### Captioned web image data

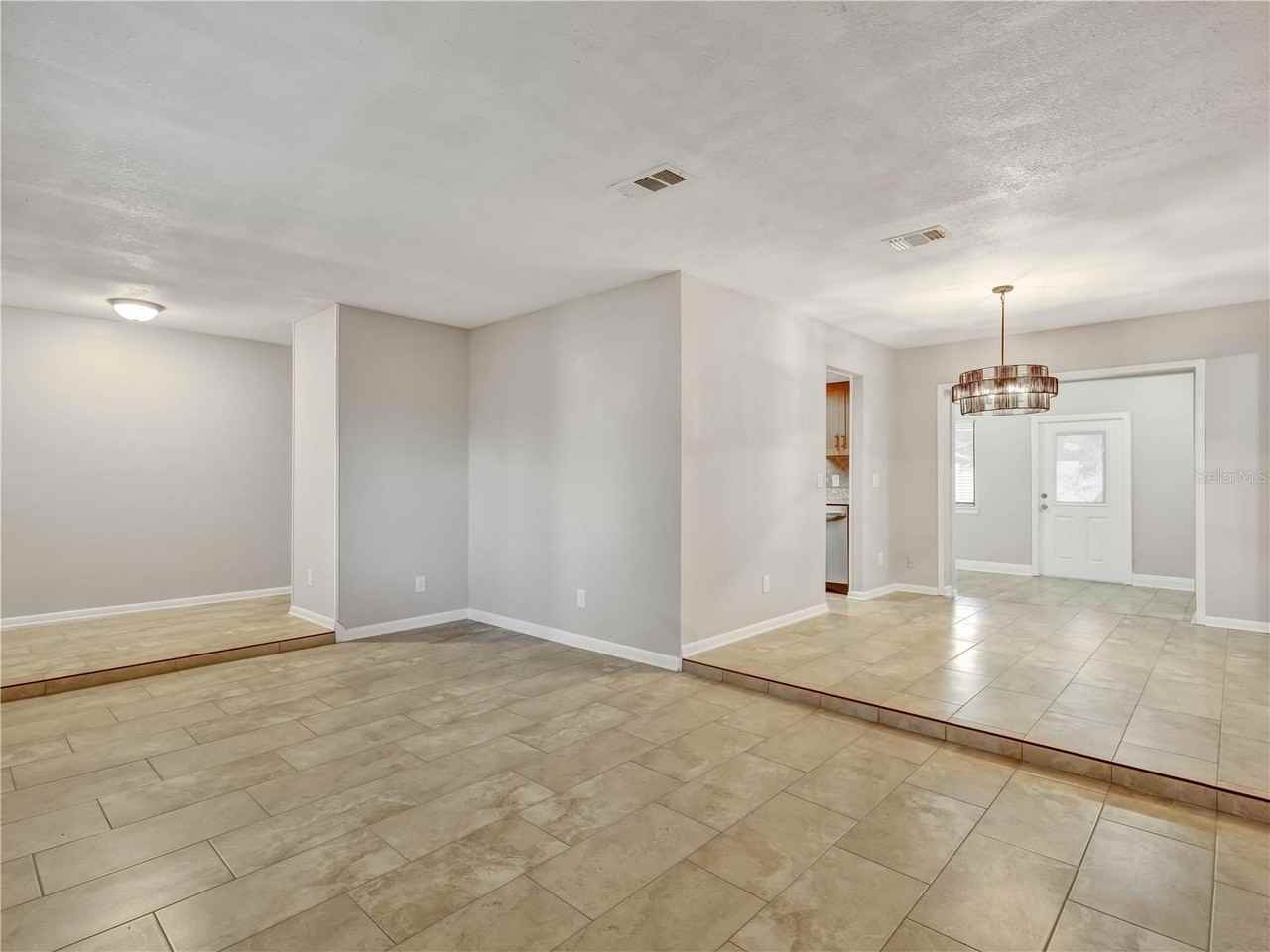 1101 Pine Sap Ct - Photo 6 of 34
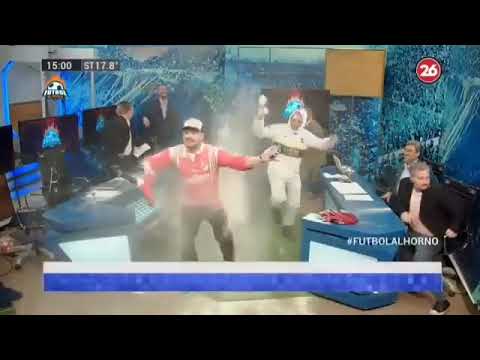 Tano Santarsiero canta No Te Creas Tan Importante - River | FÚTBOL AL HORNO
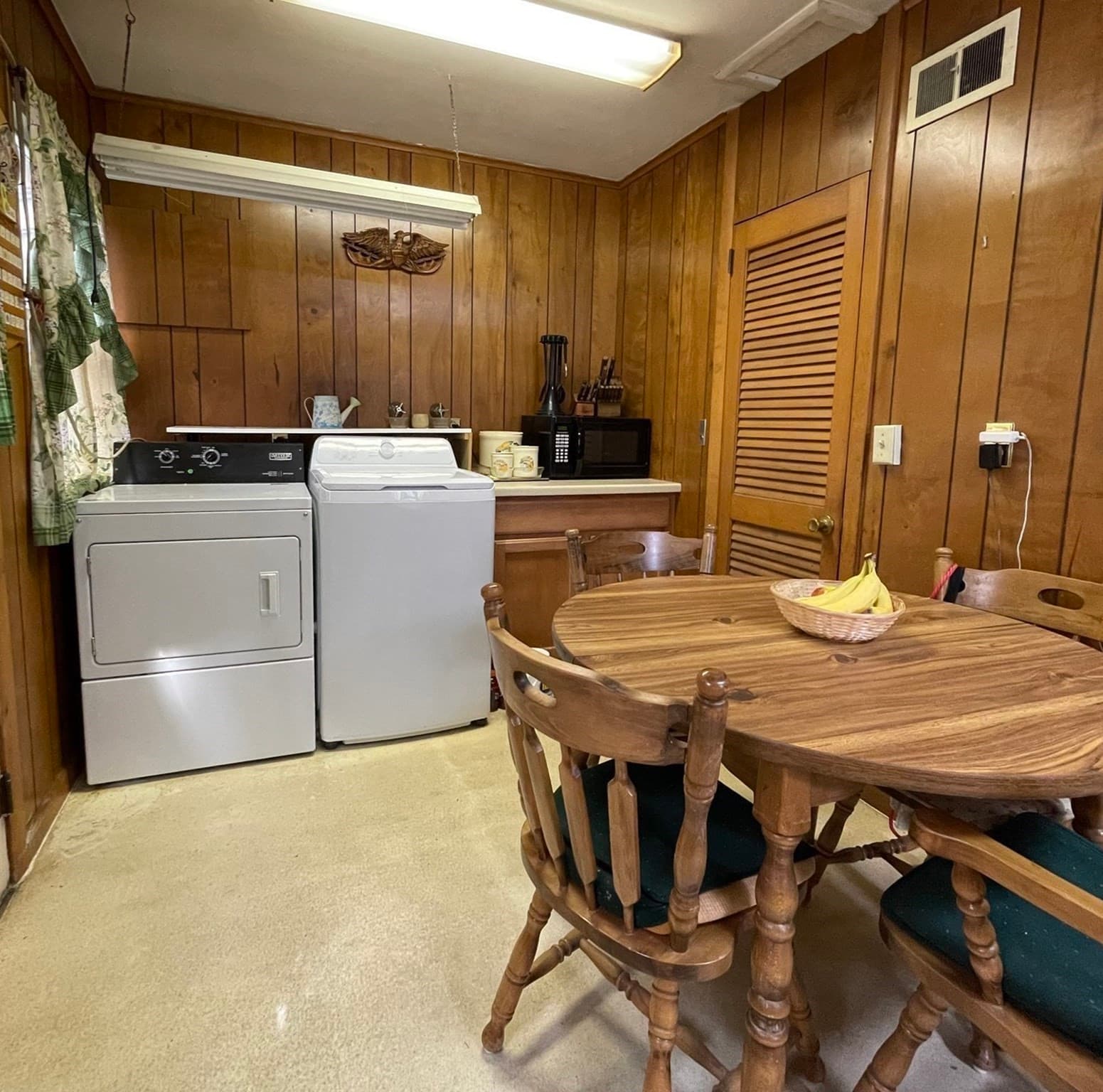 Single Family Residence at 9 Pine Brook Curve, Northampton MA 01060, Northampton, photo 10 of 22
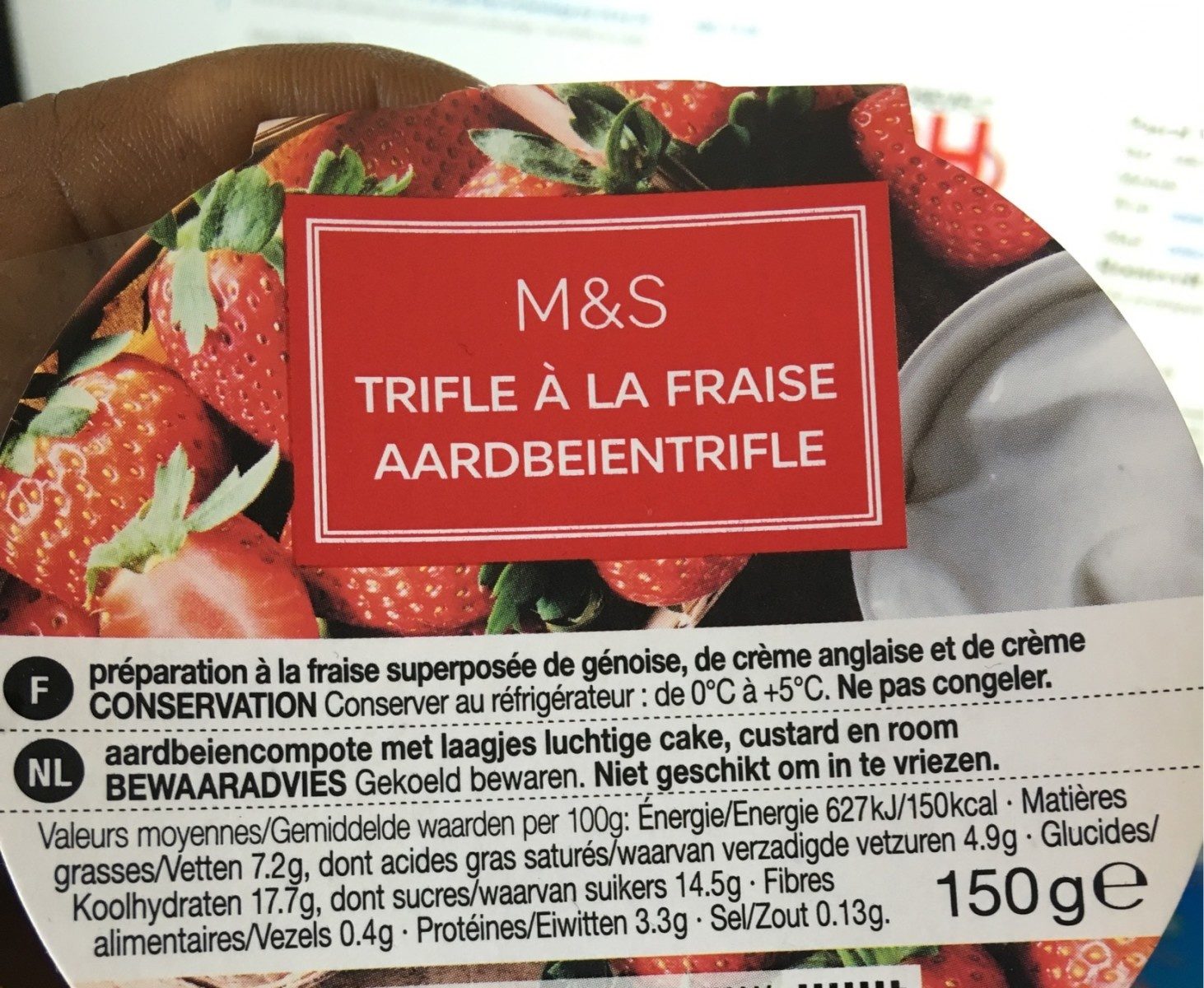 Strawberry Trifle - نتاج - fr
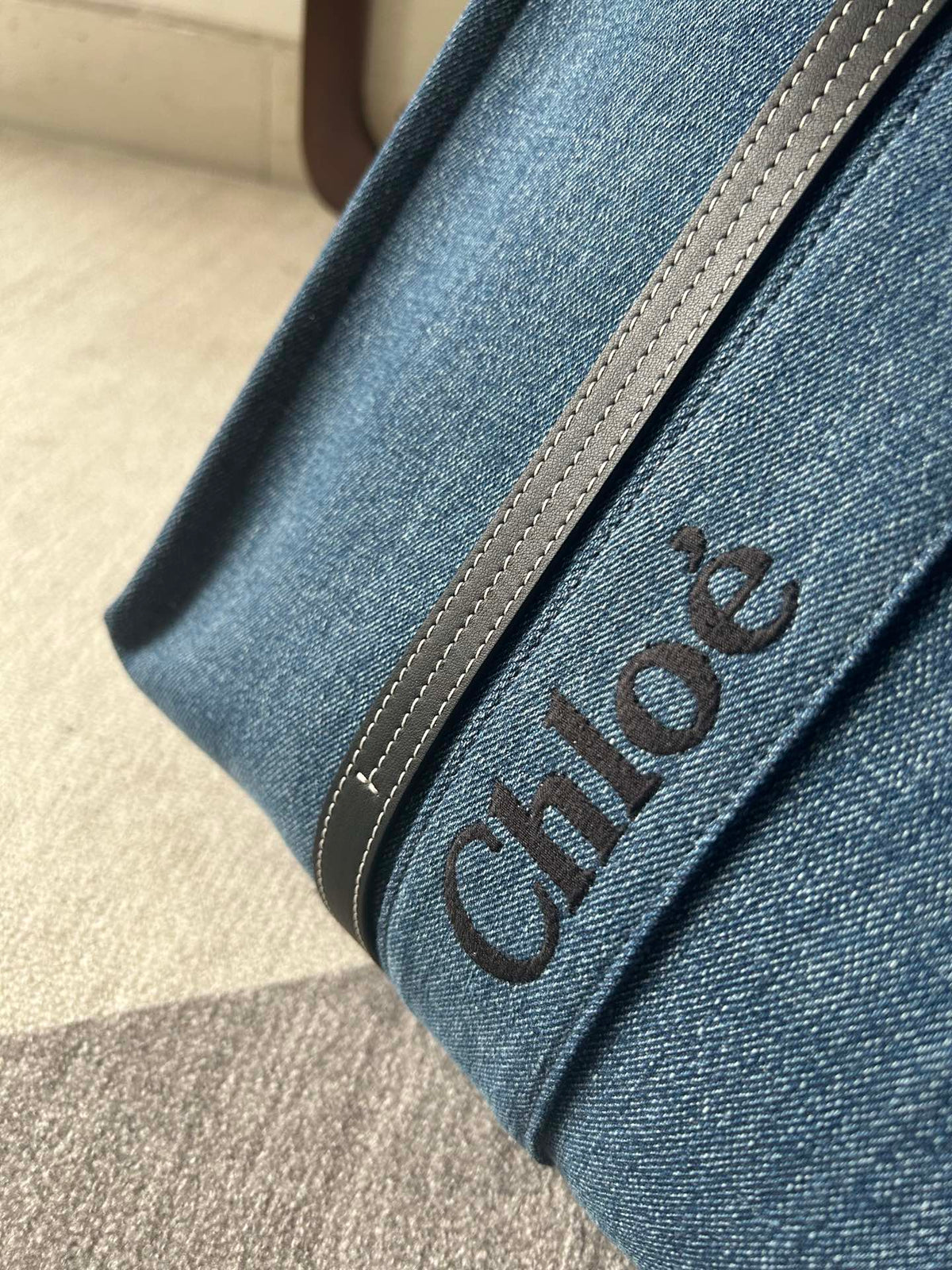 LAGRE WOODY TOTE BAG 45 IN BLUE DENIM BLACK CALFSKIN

### BRIEF
Output exactly the lines from the one containing "Tano Santarsiero canta" through the last line of the records above, both included, leaving out any pictures.

### EXERCISE RESULT
 Tano Santarsiero canta No Te Creas Tan Importante - River | FÚTBOL AL HORNO
 Single Family Residence at 9 Pine Brook Curve, Northampton MA 01060, Northampton, photo 10 of 22
 Strawberry Trifle - نتاج - fr
 LAGRE WOODY TOTE BAG 45 IN BLUE DENIM BLACK CALFSKIN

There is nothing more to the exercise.